## PROBLEM:
The full set of lines below has to be duplicated exactly, with no picture kept.
::: DATA PROVIDED
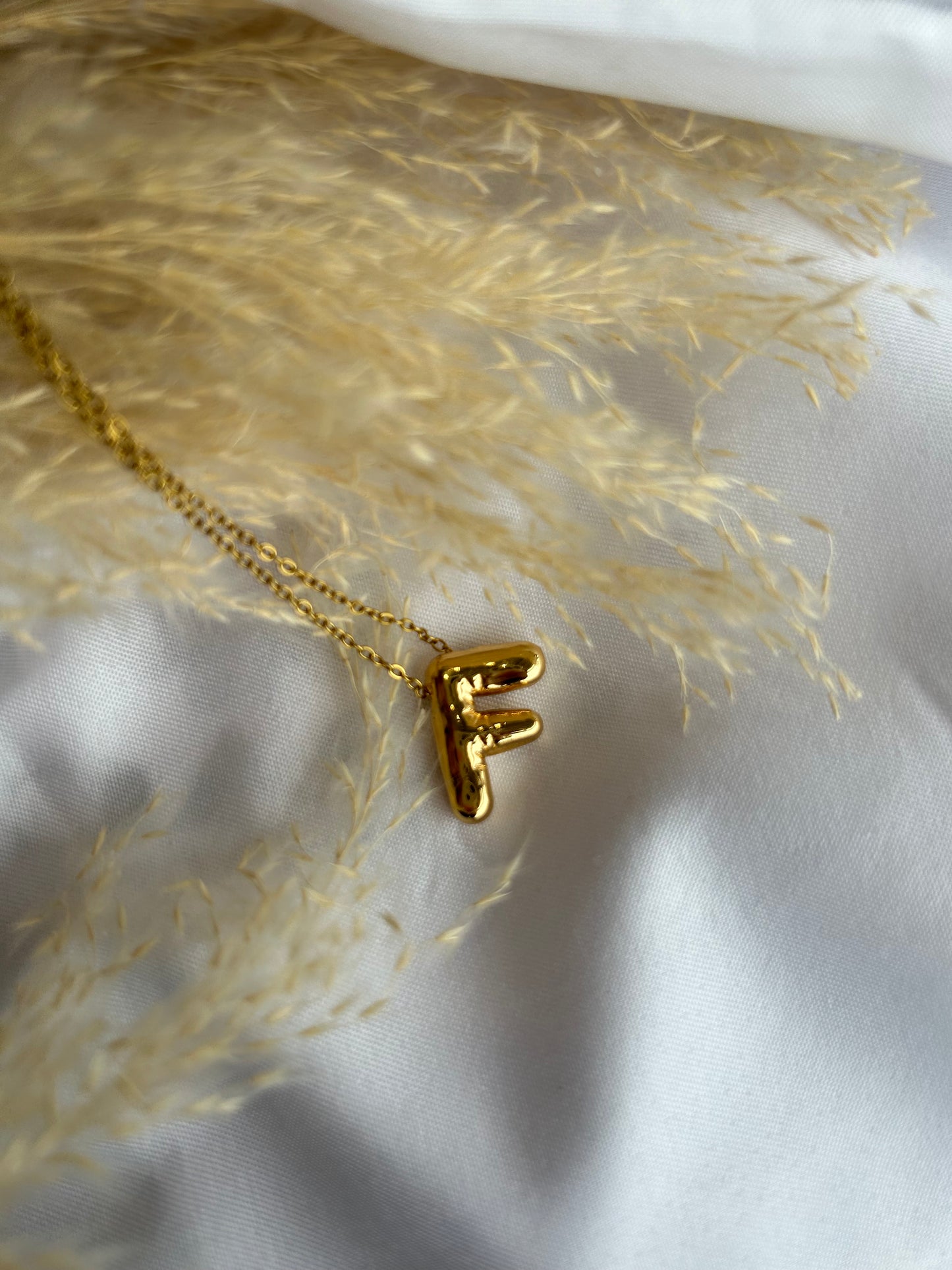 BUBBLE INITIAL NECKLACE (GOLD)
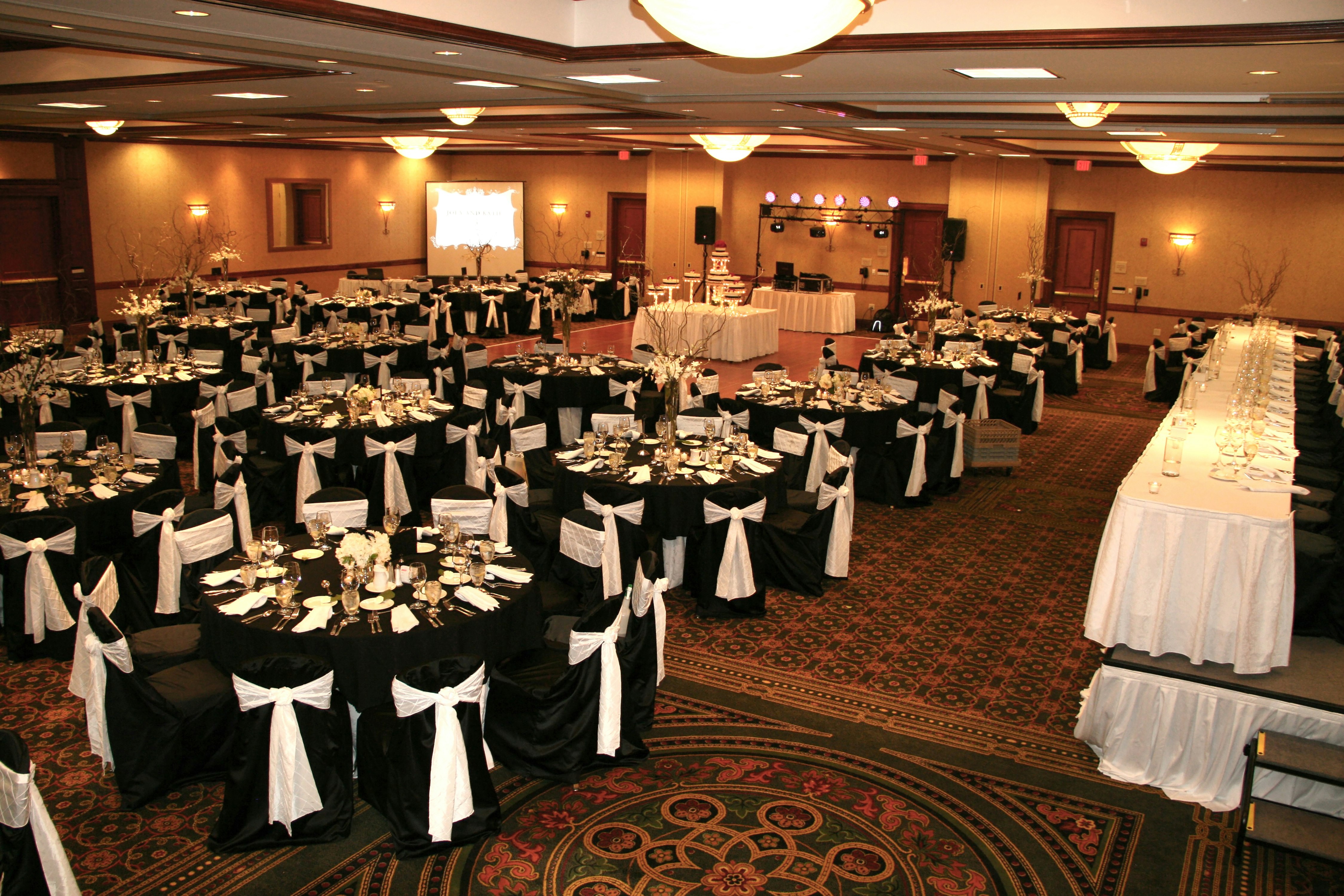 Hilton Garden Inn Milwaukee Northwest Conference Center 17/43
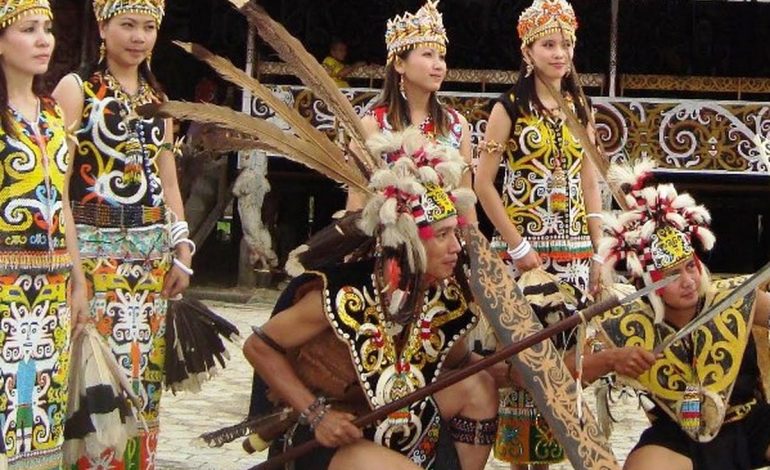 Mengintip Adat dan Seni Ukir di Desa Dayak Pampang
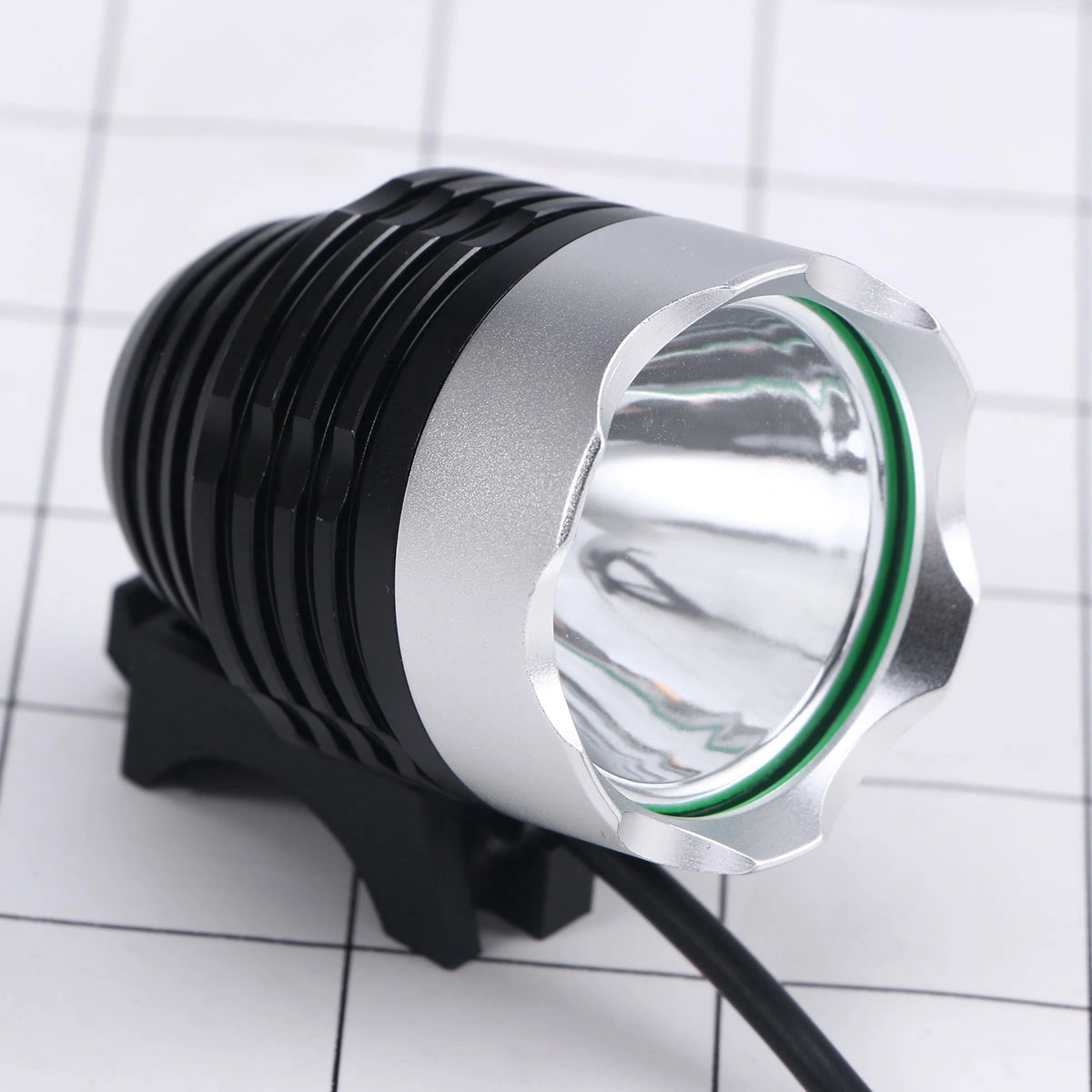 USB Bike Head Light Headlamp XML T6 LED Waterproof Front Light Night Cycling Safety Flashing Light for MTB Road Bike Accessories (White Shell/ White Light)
::::::
## RESPONSE FOR THIS EXERCISE:
 BUBBLE INITIAL NECKLACE (GOLD)
 Hilton Garden Inn Milwaukee Northwest Conference Center 17/43
 Mengintip Adat dan Seni Ukir di Desa Dayak Pampang
 USB Bike Head Light Headlamp XML T6 LED Waterproof Front Light Night Cycling Safety Flashing Light for MTB Road Bike Accessories (White Shell/ White Light)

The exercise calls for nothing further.